%%

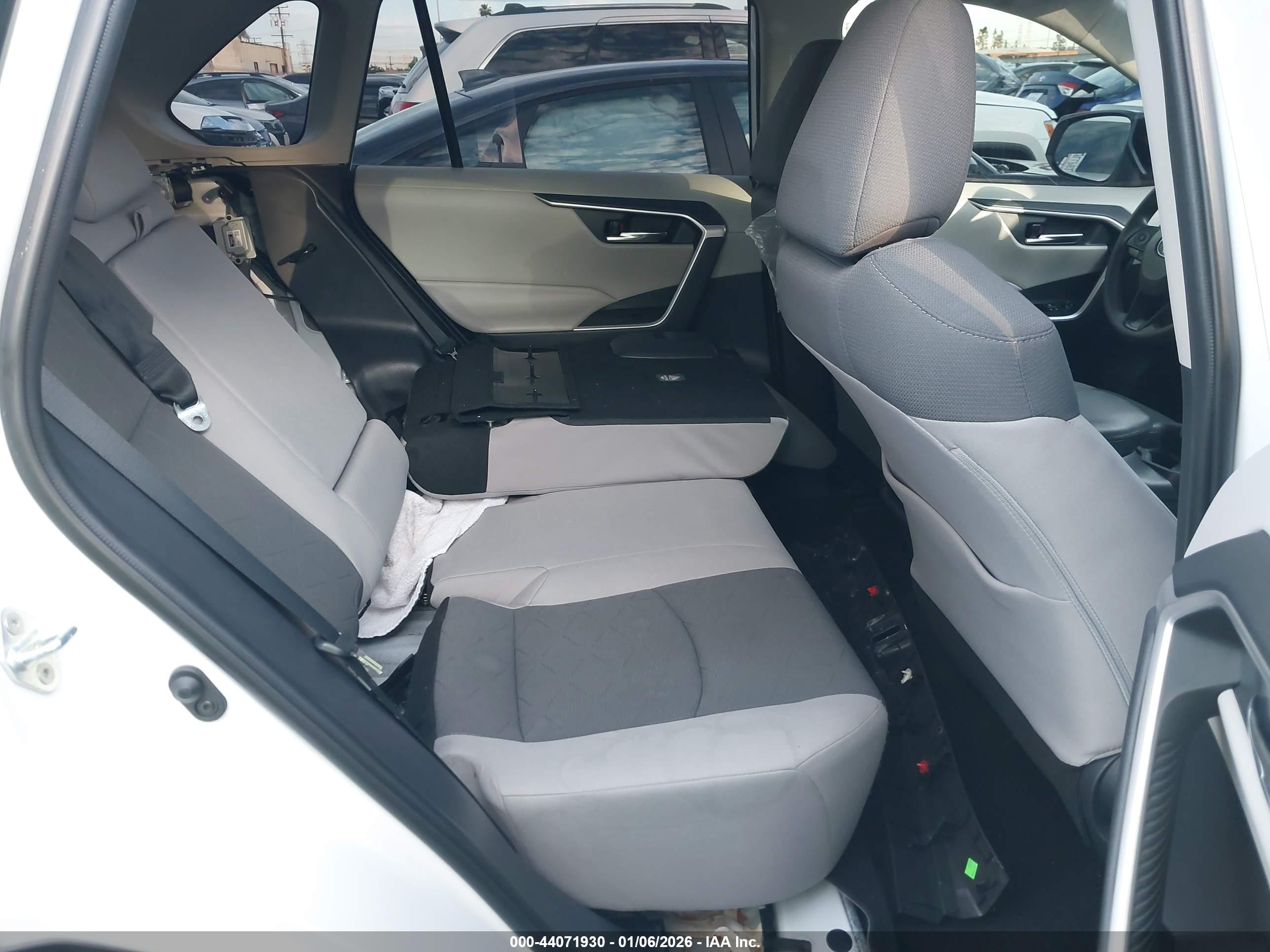 TOYOTA RAV4 image 8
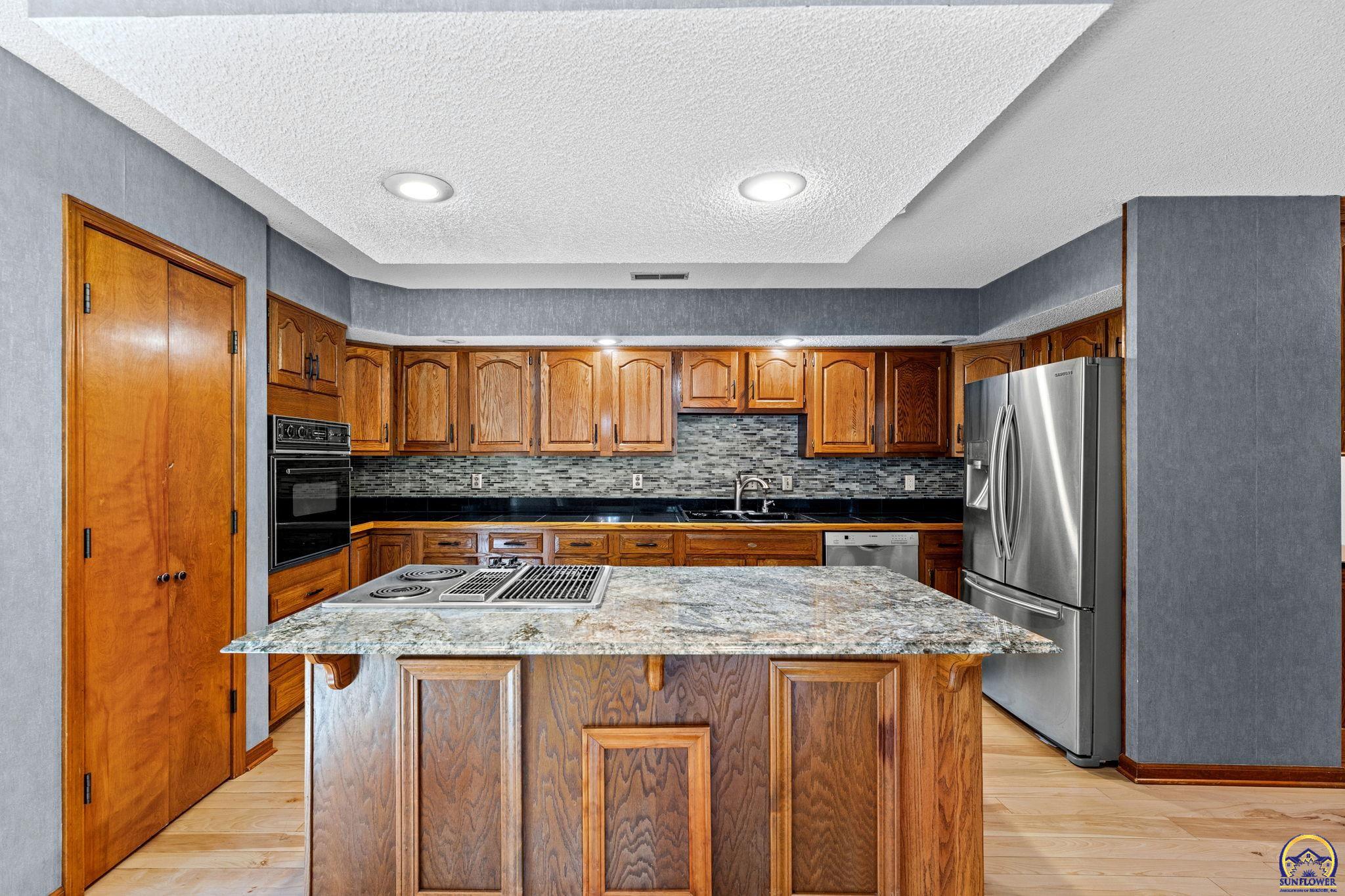 3840 Northeast Kimbal Road Topeka, KS 66617 - Photo 18 of 48 Gallery Image 18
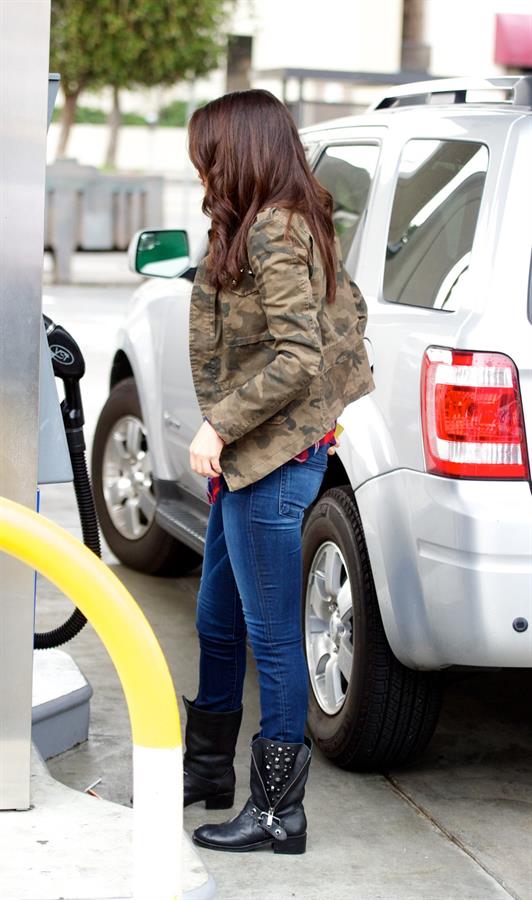 Selena Gomez at a gas station in Los Angeles November 17, 2012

%%

* _What this task involves_
Retype the listing exactly. Leave out its pictures.

* _Task answer_
 TOYOTA RAV4 image 8
 3840 Northeast Kimbal Road Topeka, KS 66617 - Photo 18 of 48 Gallery Image 18
 Selena Gomez at a gas station in Los Angeles November 17, 2012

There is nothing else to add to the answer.